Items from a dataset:
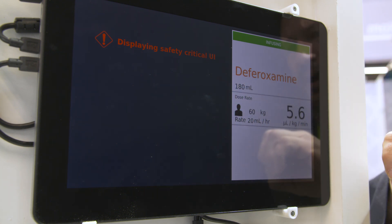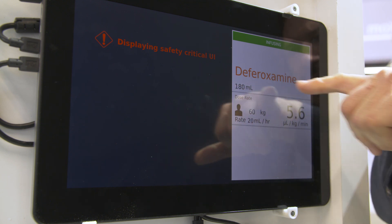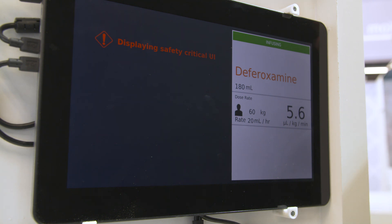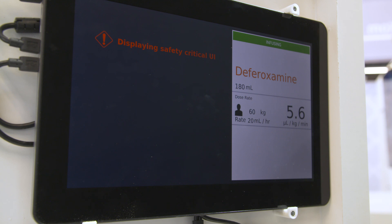The information displayed here is what we defined as safety-critical. The safety-critical information is both accurate and still being displayed despite a failure in the software.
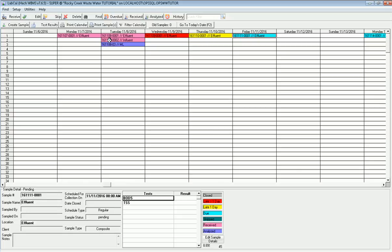As you enter results into LabCal, those results go into variables in the WIMS database. Let's take you through the setup of a sample, how to set up the test for it, the methods, and how to schedule a sample and link it to your WIMS variables.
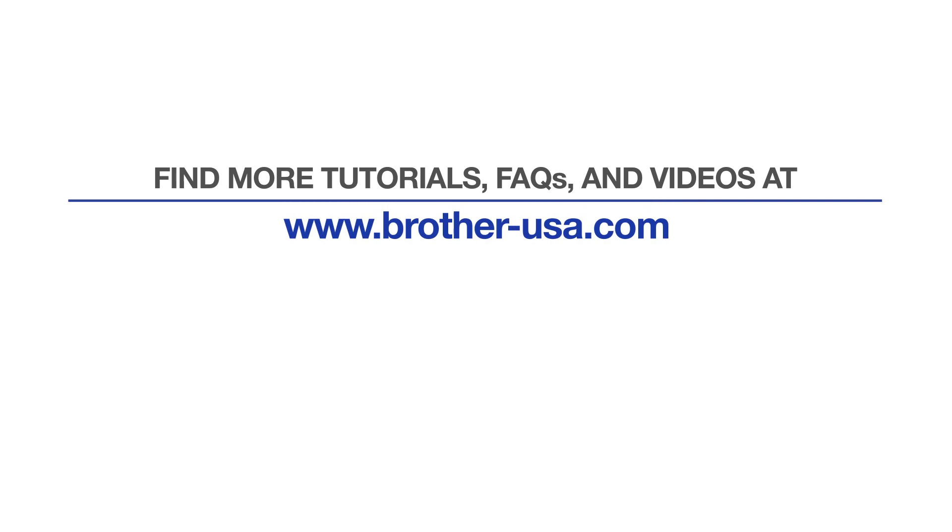For more tutorials, FAQs, and videos, visit us at www.brother-usa.com. If you found this video helpful, be sure to subscribe. Thank you for choosing Brother.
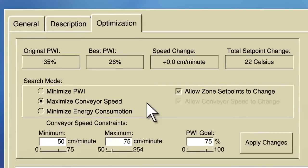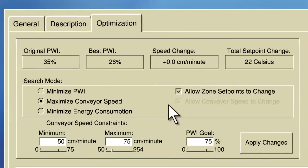I know that my oven can reliably produce product within a 75% PWI, but if I go over this value, I run the risk of variability in my process, driving some product out of spec.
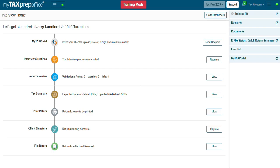MyTaxPrepOffice interview mode was designed to simplify the tax preparation process. We've elevated this feature to next-level performance, delivering results that outshine our competitors.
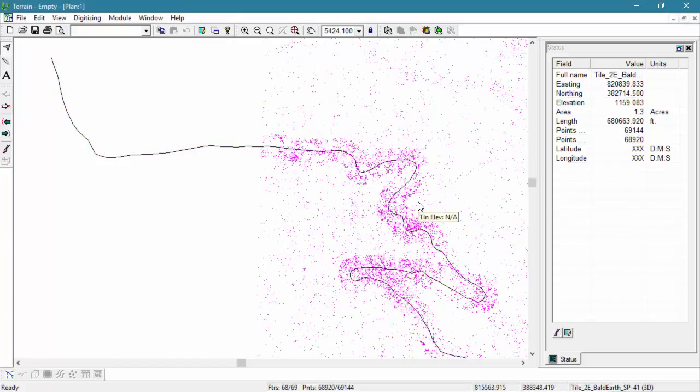And here it is, our imported data showing full point density along the corridor and reduced density outside. Well, that's it for this tutorial. Thanks for joining us.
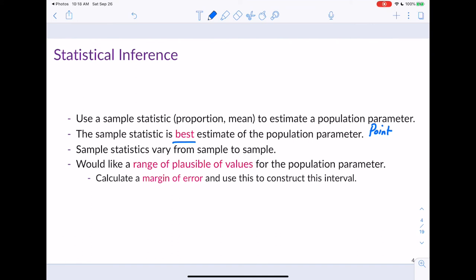Sample statistics can vary from sample to sample. If I took a random sample of students, measured their height, calculated the average, then did the same thing again with different students, those two sample means would not be the same, even though both represent an estimate for the population mean. Because statistics vary from sample to sample, we'd like to come up with a range of plausible values — a confidence interval — by calculating a margin of error.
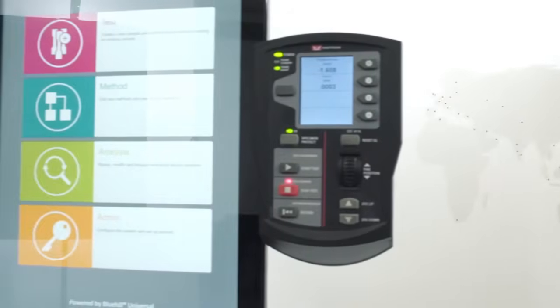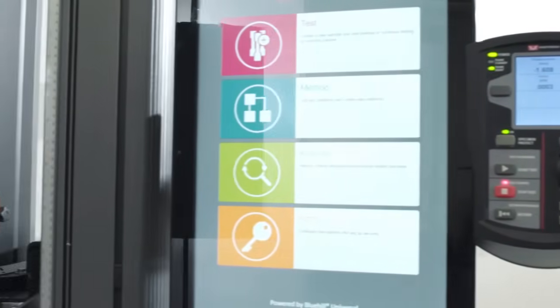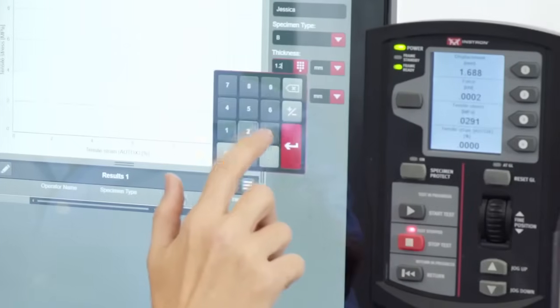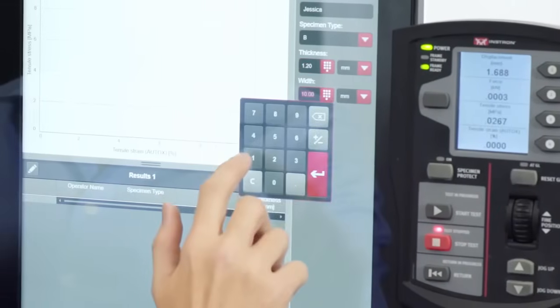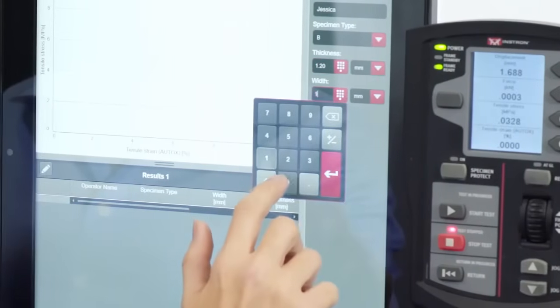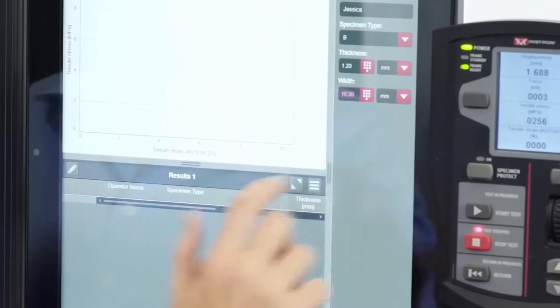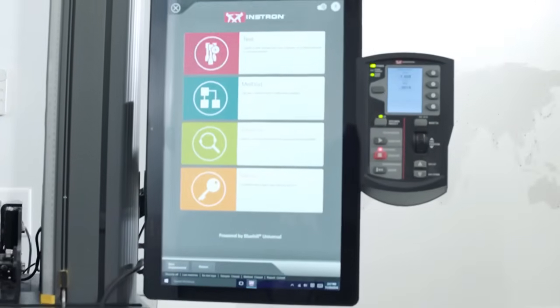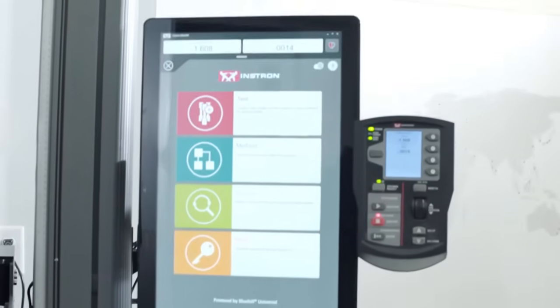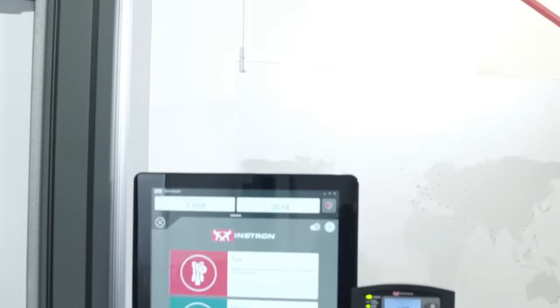Bluehill Universal, displayed on a side-mounted, large-format monitor, offers more than just a simple software interface for your mechanical testing needs. Its adjustability and proximity to the test space provide an ergonomic, perfect-fit solution for any lab.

▶ _Action item_:
The expected output is every line of the data, unchanged, with the pictures skipped.

▶ _Problem solution_:
The information displayed here is what we defined as safety-critical. The safety-critical information is both accurate and still being displayed despite a failure in the software.
As you enter results into LabCal, those results go into variables in the WIMS database. Let's take you through the setup of a sample, how to set up the test for it, the methods, and how to schedule a sample and link it to your WIMS variables.
For more tutorials, FAQs, and videos, visit us at www.brother-usa.com. If you found this video helpful, be sure to subscribe. Thank you for choosing Brother.
I know that my oven can reliably produce product within a 75% PWI, but if I go over this value, I run the risk of variability in my process, driving some product out of spec.
MyTaxPrepOffice interview mode was designed to simplify the tax preparation process. We've elevated this feature to next-level performance, delivering results that outshine our competitors.
And here it is, our imported data showing full point density along the corridor and reduced density outside. Well, that's it for this tutorial. Thanks for joining us.
Sample statistics can vary from sample to sample. If I took a random sample of students, measured their height, calculated the average, then did the same thing again with different students, those two sample means would not be the same, even though both represent an estimate for the population mean. Because statistics vary from sample to sample, we'd like to come up with a range of plausible values — a confidence interval — by calculating a margin of error.
Bluehill Universal, displayed on a side-mounted, large-format monitor, offers more than just a simple software interface for your mechanical testing needs. Its adjustability and proximity to the test space provide an ergonomic, perfect-fit solution for any lab.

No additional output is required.